Tegucigalpa. – La corrupción, sin duda, adopta múltiples y variadas formas para concretarse y manifestarse. Cada vez que estalla un nuevo escándalo de corrupción, se descubren nuevos métodos, formas novedosas, estilos diferentes, mecanismos sorprendentes y argucias variadas para llevar a cabo el acto de corrupción y ocultar su existencia. La imaginación de los corruptos no tiene límites, aunque a veces su torpeza y descaro solo se explican por la prisa que tengan y la percepción íntima de que son impunes y que la justicia local nunca habrá de castigarles.

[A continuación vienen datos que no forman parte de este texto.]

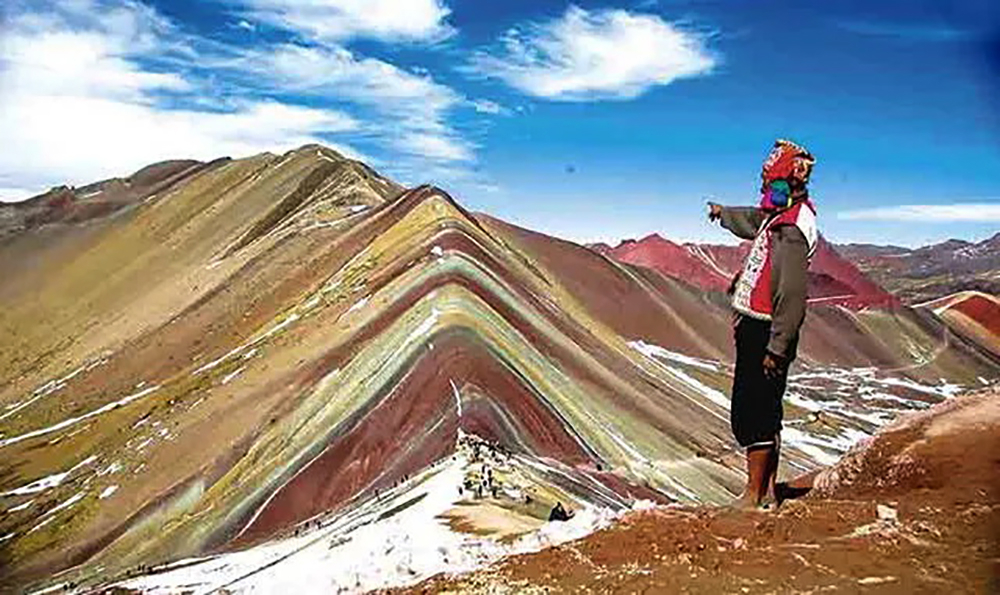 
                                 Montaña de Siete Colores de Cusco vuelve a recibir visitantes con entradas gratis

Ahora que inicia un nuevo gobierno es más fácil conocer detalles precisos de los actos de corrupción del régimen anterior y, sobre todo, de los más recientes, los que fueron urdidos con la prisa del último momento, en un alocado intento por arrasar con todo y saquear al Estado a como diera lugar antes de que se produjera la debacle definitiva. Y así, entre más improvisado y urgente era el acto de corrupción, mayor era su desorden interior y su exposición pública. Un corrupto con prisa suele ser un corrupto desnudo ante los ojos del público. Pero no todo fue caos y confusión.
Ahora, con el sosiego debido y la información apropiada, podemos ver el cuadro completo del sistema de hipercorrupción montado por el gobierno anterior dentro y fuera del Estado. Por la vía de una planificada desarticulación de la coherencia interior del Estado, lo que hemos llamado “la parcelización del aparato estatal”, utilizando generalmente la concesión de generosos fideicomisos (unos 86, según datos que circulan) a sectores privilegiados de la banca privada, los corruptos mayores, los que estaban en la cúpula de la pirámide, distribuían los oasis de poder en un Estado que cada vez se parecía más a un archipiélago.
De esta forma se fueron conformando núcleos de influencia coordinados y dirigidos desde la cúspide gubernamental, cuya dosis de poder y control dependían totalmente del nivel de provechosa cercanía o lamentable lejanía que los acercaba o los alejaba del centro distribuidor de cuotas de poder y acceso a los fondos públicos.
El Estado, otrora consolidado internamente y con una coherencia funcional aceptable, se vio de pronto fragmentado y distribuido entre diferentes islotes de poder más interesados en el saqueo de los recursos que en el funcionamiento normal del aparato. Muchos de los principales Ministerios, sobre todo aquellos favorecidos con las mayores asignaciones presupuestarias, fueron poco a poco creando sus propias redes de distribución, haciendo florecer decenas de organizaciones no gubernamentales que, con frecuencia, obtenían su personería jurídica apresurada y funcionaban como instituciones de fachada, creadas solo para canalizar por su vía los dineros de la corrupción. “Desconfía, me aconsejaba un amigo, de aquellas organizaciones que se definen por lo que no son”.
De esta forma, con habilidad de orfebre, los corruptos mayores de la cúspide fueron remodelando el Estado, creando a la vez estructuras paralelas que funcionaban en silencio, a la sombra de las instituciones establecidas y amparadas en su paraguas legal. Mientras el Estado tradicional se fragmentaba y debilitaba, el “Estado paralelo” se fortalecía y ampliaba. Esa ha sido la lógica perversa del sistema de hipercorrupción que se instaló en nuestro país.
Este sistema, a su vez, va generando gradualmente una subcultura de la corrupción que se internaliza en la mente colectiva y termina siendo asumida como si fuera normal y cotidiana. Así es como nace y se desarrolla la “tolerancia social” hacia los corruptos, una de las cuatro columnas que, junto al dúo del corrupto y el corruptor, más la impunidad judicial, dan vida y sustento al sistema de intensa corrupción, cinismo y desprestigio en que se ha encontrado sumido nuestro país. Ojalá que el nuevo gobierno impulse con la debida energía y el conocimiento apropiado una verdadera política de anticorrupción.